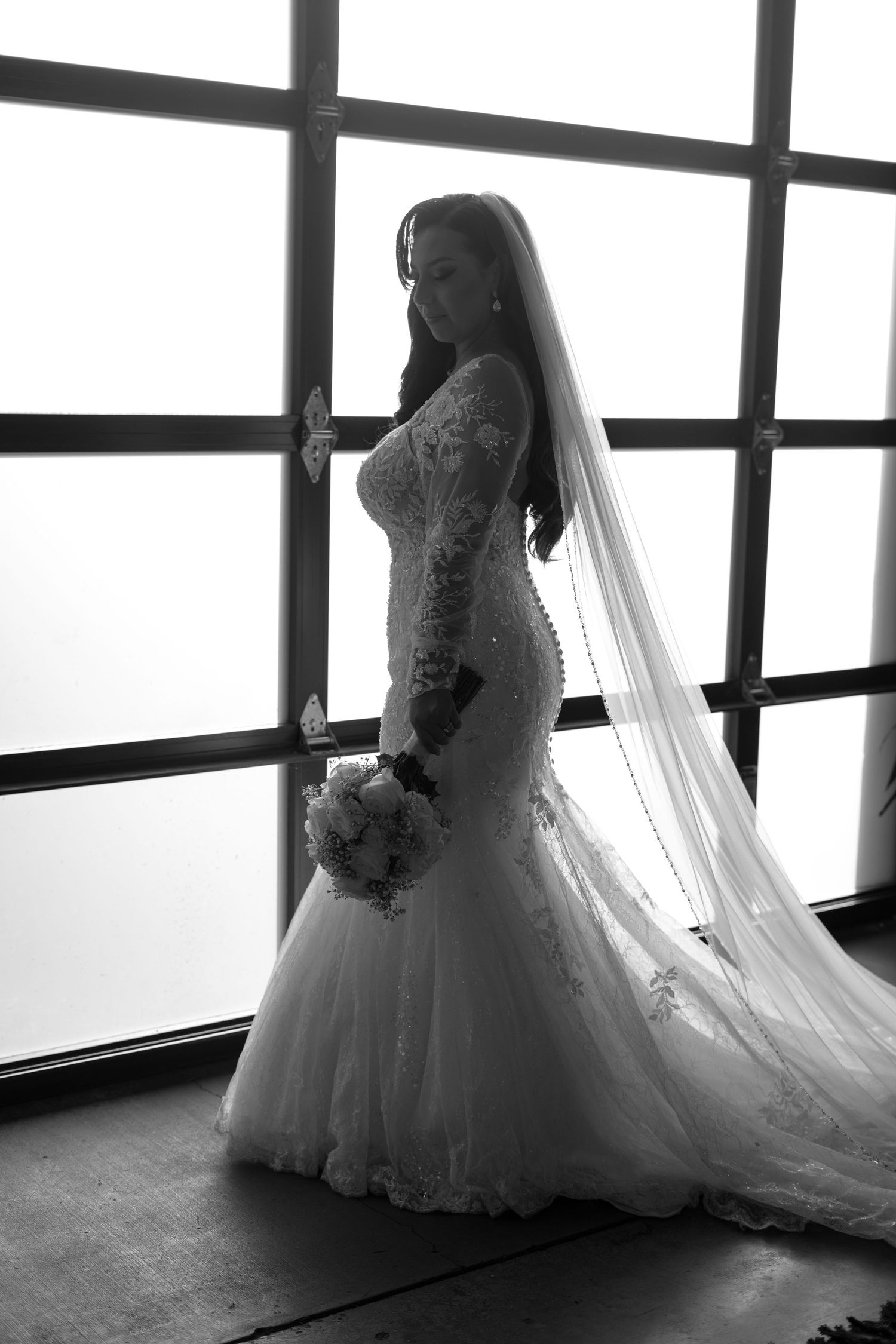 Silhouette of a bride in a flowing wedding gown with dramatic backlighting creating an ethereal effect.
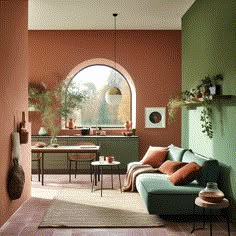 a living room filled with furniture next to a large window and potted plants on the wall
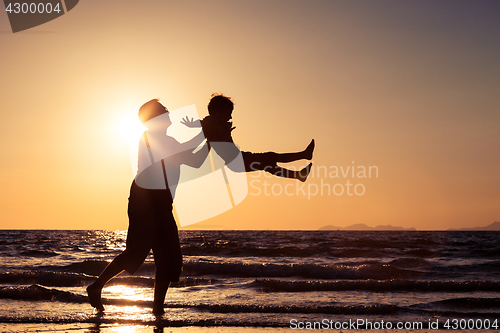 Image of Father and son playing on the beach at the sunset time.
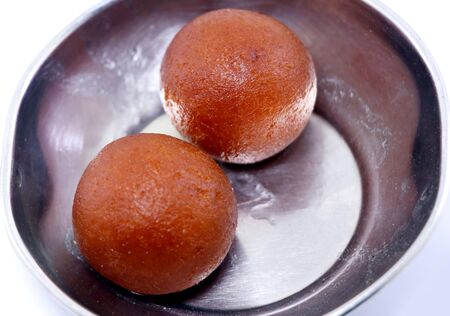 Sweet Gulab Jamun -popular Indian dessert or Doughnuts for festivals and weddingsの写真素材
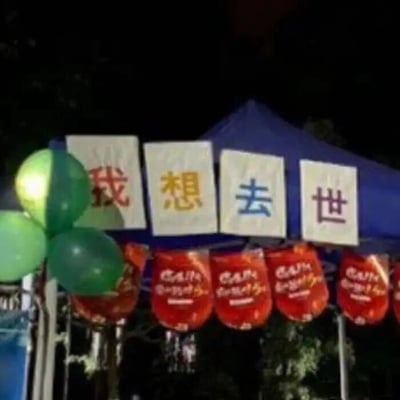 这是一张夜晚户外场景的实拍图，画面主体是蓝色帐篷上方悬挂的四块白色方形标语牌，分别以红、黄、蓝、棕四种颜色的字体写着“我”“想”“去”“世”，组合成字面带有消极情绪的语句；标语牌下方挂着一排红色的日式风格灯笼，灯笼上印有白色的艺术字体，具体内容模糊不清；画面左侧还点缀着三颗绿色的气球。这是典型的年轻人整活设计，通过看似消极的反差标语吸引路人注意力，大概率是校园社团招新或者线下趣味活动的引流手段，用夸张的反向表达制造搞笑效果，并无真正的消极倾向。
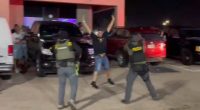 Moment cops arrest hundreds of illegal migrants at Colorado nightclub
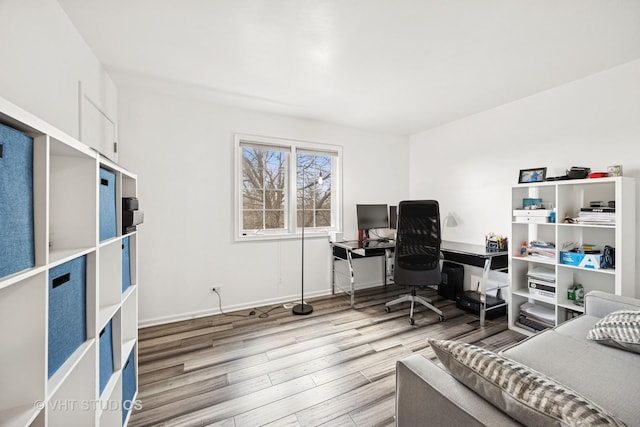 bedroom with baseboards and wood finished floors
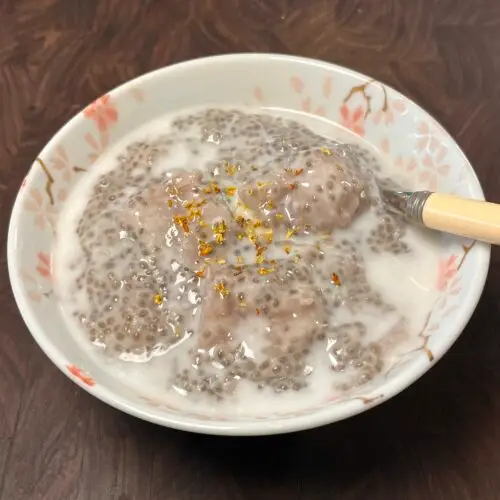 Bowl of chia pudding with taro chunks, topped with coconut milk and dried osmanthus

Exercise objective: Starting with the line that has "这是一张夜晚户外场景的实拍图" and ending with the last line of the records, retype every line exactly and only those lines. Do not include the pictures.

Answer section:
 这是一张夜晚户外场景的实拍图，画面主体是蓝色帐篷上方悬挂的四块白色方形标语牌，分别以红、黄、蓝、棕四种颜色的字体写着“我”“想”“去”“世”，组合成字面带有消极情绪的语句；标语牌下方挂着一排红色的日式风格灯笼，灯笼上印有白色的艺术字体，具体内容模糊不清；画面左侧还点缀着三颗绿色的气球。这是典型的年轻人整活设计，通过看似消极的反差标语吸引路人注意力，大概率是校园社团招新或者线下趣味活动的引流手段，用夸张的反向表达制造搞笑效果，并无真正的消极倾向。
 Moment cops arrest hundreds of illegal migrants at Colorado nightclub
 bedroom with baseboards and wood finished floors
 Bowl of chia pudding with taro chunks, topped with coconut milk and dried osmanthus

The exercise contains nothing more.